PINE CREEK — The long process to replace an aging bridge in Pine Creek was capped-off last week with a small ceremony by the construction company and county officials.
Officially known as bridge 13872, the structure in the spotlight is the first bridge motorists cross when heading south toward Pine Creek on Pine Creek Road — or from the other direction, the last bridge someone would cross heading north to Pinehurst on Pine Creek Road.
It was in 2013 that Shoshone County first applied for grant funding with the Idaho Transportation Department and Local Highway Technical Assistance Council to fix the deteriorating structure. Bridges are rated on a scale of 0 to 100 in terms of structural stability, with 100 being considered entirely sufficient and 0 being entirely deficient. Before its replacement, this Pine Creek bridge was rated at 7.

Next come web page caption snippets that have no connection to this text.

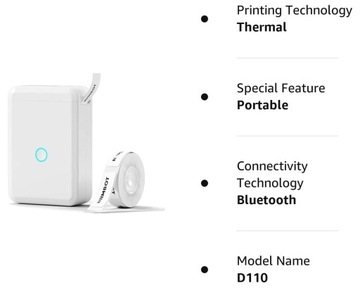 Принтер самоклеящихся этикеток NiiMbot D110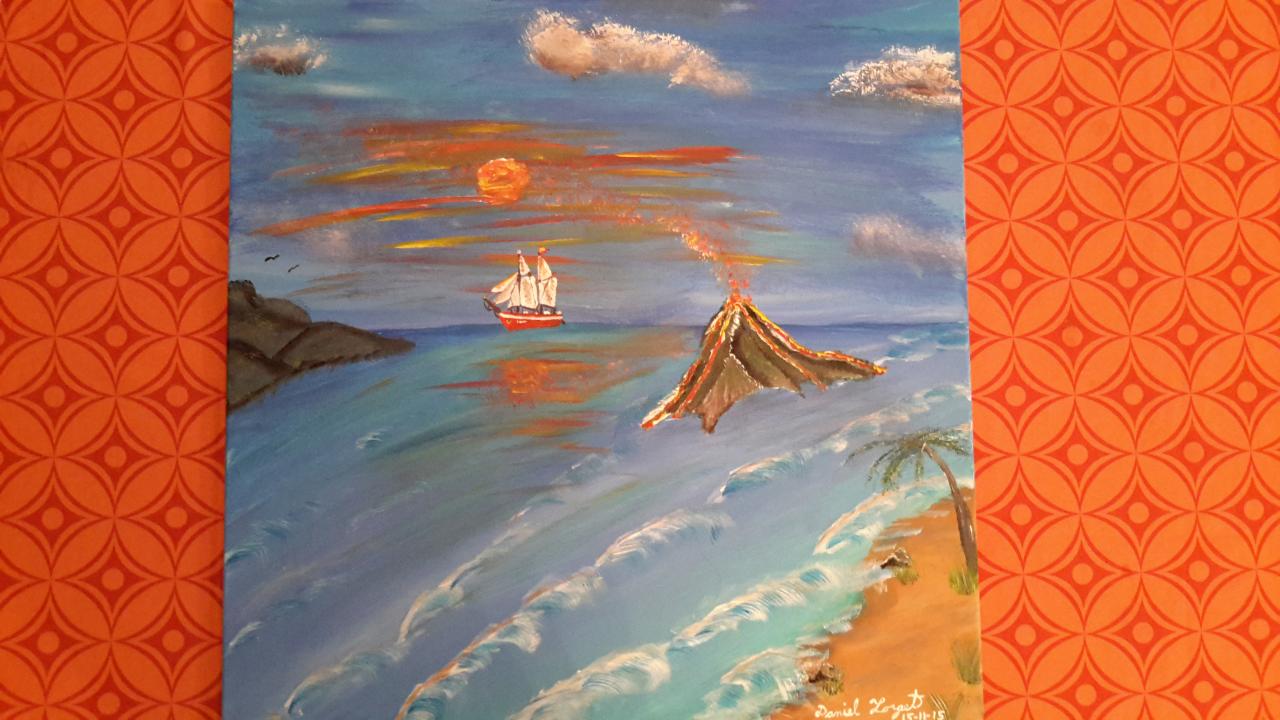 l'île au volcan $55.00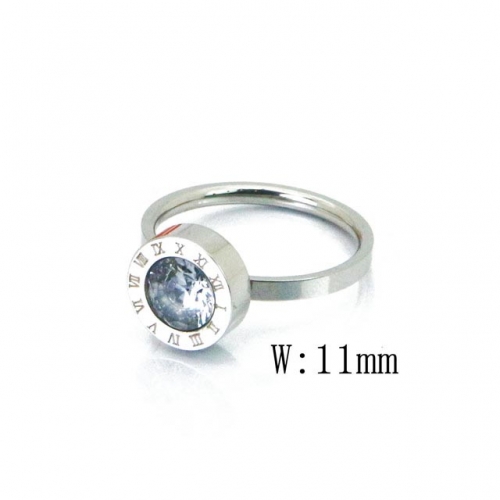 Wholesale Stainless Steel 316L Big CZ Rings NO.#BC59R0001KL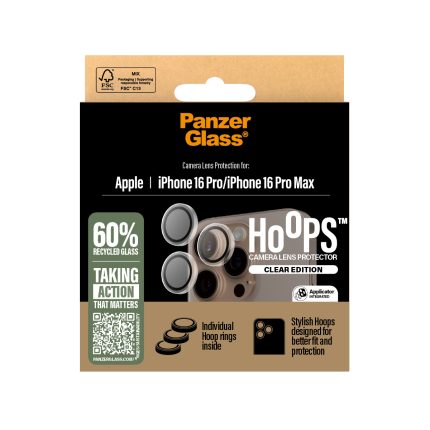 PanzerGlass® Hoops Transparent Lens Protector Apple | iPhone 16 Pro/iPhone 16 Pro Max – Mobit.gr
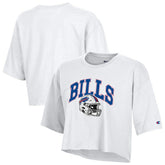 Buffalo Bills Champion Women's Boyfriend Cropped T-Shirt White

The original contract for a new bridge called for phased construction; or building one complete side and then moving onto the other. Through an innovative proposal from the project’s contractor though, a temporary bridge structure was used to detour traffic.

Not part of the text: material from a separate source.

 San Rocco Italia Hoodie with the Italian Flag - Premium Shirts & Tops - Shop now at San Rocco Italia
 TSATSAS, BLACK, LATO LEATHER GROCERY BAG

When funding was finally secured, a multi-group project was initiated that involved personnel from Shoshone County, as owners and project oversight; JUB Engineers, as the design firm; HMH Engineering, as the construction administration and inspection firm; C.L. Heilman Company, Inc., as the Construction Contractor; and LHTAC, as overall project and funding administration.
LHTAC Resident Engineer Megan Kautz said that the project gained federal funding by way of the efforts of Shoshone County staff through a Bridge Program administered by LHTAC.
Total construction time was scheduled for three months, but crews were able to finish 19 days early and even a bit under budget.
The replacement included a 130-foot, single span, concrete girder bridge with enhanced drainage and safety features.
Shoshone County Public Works Director James Cason said that in addition to the added width and reinforced structure, the new bridge is an improvement over the old one because it has no center support.
“This is great because it keeps trees and other things from hanging up,” he said.
With this bridge officially opened for use on Oct. 4, Shoshone County is now turning its attention to other bridges in the area that have similarly low ratings and need replacement. Two bridges in particular that are high up on the county’s list are right down the road from bridge 13872.
Designs for the Silver Bridge in Enaville have also been asked for, but nothing has been confirmed at this time.